→ **Exercise goal**
Transcribe exactly the line containing "Ubud Bali Lotusblume" and each line after it, through the end of the entries, with nothing before or after.

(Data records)
== Segment start ==
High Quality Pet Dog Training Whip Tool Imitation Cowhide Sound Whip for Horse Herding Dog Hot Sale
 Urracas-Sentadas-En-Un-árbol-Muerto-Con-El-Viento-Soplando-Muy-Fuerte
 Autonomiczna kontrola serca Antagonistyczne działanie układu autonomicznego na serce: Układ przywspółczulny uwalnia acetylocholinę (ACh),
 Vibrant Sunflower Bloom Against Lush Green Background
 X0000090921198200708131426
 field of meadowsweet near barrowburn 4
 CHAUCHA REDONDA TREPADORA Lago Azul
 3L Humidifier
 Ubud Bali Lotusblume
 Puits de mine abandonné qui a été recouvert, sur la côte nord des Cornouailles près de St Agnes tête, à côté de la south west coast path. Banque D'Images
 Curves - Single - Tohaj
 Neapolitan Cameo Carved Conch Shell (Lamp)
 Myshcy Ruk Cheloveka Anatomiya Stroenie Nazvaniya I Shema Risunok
== Segment end ==
→ **Output for this exercise**
 Ubud Bali Lotusblume
 Puits de mine abandonné qui a été recouvert, sur la côte nord des Cornouailles près de St Agnes tête, à côté de la south west coast path. Banque D'Images
 Curves - Single - Tohaj
 Neapolitan Cameo Carved Conch Shell (Lamp)
 Myshcy Ruk Cheloveka Anatomiya Stroenie Nazvaniya I Shema Risunok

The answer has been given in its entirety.